Items from a dataset
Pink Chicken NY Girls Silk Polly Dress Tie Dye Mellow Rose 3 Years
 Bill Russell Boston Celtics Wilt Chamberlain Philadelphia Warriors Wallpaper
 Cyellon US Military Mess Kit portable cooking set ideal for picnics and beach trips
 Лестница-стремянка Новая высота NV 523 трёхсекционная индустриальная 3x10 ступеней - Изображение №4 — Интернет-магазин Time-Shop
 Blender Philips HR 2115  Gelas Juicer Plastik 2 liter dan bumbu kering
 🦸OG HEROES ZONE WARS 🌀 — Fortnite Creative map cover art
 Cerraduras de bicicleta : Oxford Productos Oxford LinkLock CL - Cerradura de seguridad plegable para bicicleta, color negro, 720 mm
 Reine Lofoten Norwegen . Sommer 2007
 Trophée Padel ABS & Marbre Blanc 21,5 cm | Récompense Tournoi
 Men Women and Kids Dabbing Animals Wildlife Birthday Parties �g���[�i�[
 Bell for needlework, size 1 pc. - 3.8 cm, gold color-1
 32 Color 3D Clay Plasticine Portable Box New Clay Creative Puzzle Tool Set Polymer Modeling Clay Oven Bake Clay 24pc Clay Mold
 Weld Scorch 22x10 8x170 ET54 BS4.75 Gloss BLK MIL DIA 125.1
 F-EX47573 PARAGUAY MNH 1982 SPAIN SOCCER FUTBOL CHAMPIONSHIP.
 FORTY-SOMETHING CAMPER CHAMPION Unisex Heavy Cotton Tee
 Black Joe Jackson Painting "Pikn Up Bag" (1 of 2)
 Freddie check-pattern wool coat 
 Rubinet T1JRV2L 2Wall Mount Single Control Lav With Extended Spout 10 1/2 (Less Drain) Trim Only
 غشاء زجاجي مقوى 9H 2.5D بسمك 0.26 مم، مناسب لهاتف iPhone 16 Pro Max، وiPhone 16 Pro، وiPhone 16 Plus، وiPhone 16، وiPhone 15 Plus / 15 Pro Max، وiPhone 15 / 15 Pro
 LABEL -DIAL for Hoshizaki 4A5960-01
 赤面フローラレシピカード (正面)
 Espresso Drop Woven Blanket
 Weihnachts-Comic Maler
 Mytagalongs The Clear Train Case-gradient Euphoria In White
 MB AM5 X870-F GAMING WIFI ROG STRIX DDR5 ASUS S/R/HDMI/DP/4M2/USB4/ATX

* _Task details_
Repeat, exactly as they stand above, the lines from the line with "Freddie check-pattern wool coat" to the line with "Mytagalongs The Clear", both lines included.

* _Exercise answer_
 Freddie check-pattern wool coat 
 Rubinet T1JRV2L 2Wall Mount Single Control Lav With Extended Spout 10 1/2 (Less Drain) Trim Only
 غشاء زجاجي مقوى 9H 2.5D بسمك 0.26 مم، مناسب لهاتف iPhone 16 Pro Max، وiPhone 16 Pro، وiPhone 16 Plus، وiPhone 16، وiPhone 15 Plus / 15 Pro Max، وiPhone 15 / 15 Pro
 LABEL -DIAL for Hoshizaki 4A5960-01
 赤面フローラレシピカード (正面)
 Espresso Drop Woven Blanket
 Weihnachts-Comic Maler
 Mytagalongs The Clear Train Case-gradient Euphoria In White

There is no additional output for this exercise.